Four Wheel Carriage Truck
In 1884 Boston Lodge built a four wheel carriage truck at a cost of £18 10s (£18.50). Similar vehicles had been used by main line railways from the very earliest days when the gentry would have their favourite horse-drawn vehicle loaded, and then used it to travel in for their journey. It probably has some bearing on the use of carriage/coach as the terminology for passenger carrying railway vehicles.
Though the roads in the Vale of Ffestiniog may have been poor the building of such a vehicle, as late as 1884, can only have been for a specific purpose, or as an indulgence, as it could only carry the smallest of horse-drawn vehicles such as a trap or dog cart, due to the restrictions of the loading gauge and the length of the truck.

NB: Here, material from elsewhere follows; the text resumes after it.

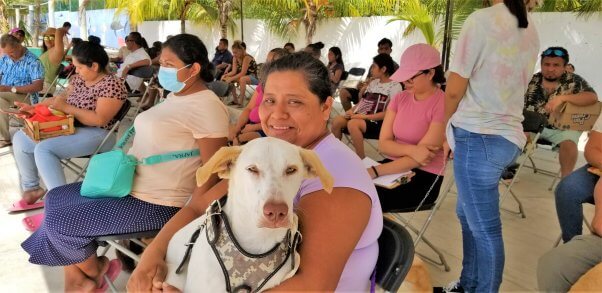 mujer con perro blanco en arnés espera con otros en sillas para esterilizar/castrar evento en Cancún para perros y gatos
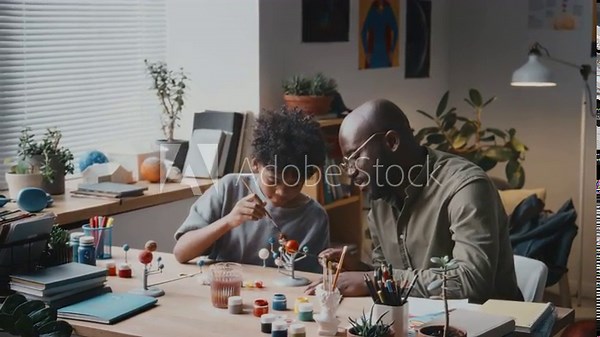 Cheerful African American man talking to little son and ruffling his hair while making DIY solar system model together at home Stock Video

The truck may have been built for the Oakeley family, who also had their own private carriage, or it may have been built for the convenience of C E Spooner who might have wanted to take a trap up the line when he visited the quarries he served as Consulting Engineer.
It has to be assumed that the accompanying horse would be carried in one of the horse dandies normally used on gravity trains.
There are no known photographs of the truck in service and it ended its days in the siding behind the engine shed at Boston Lodge as a jib runner for the rail-mounted crane bought by Colonel Stephens.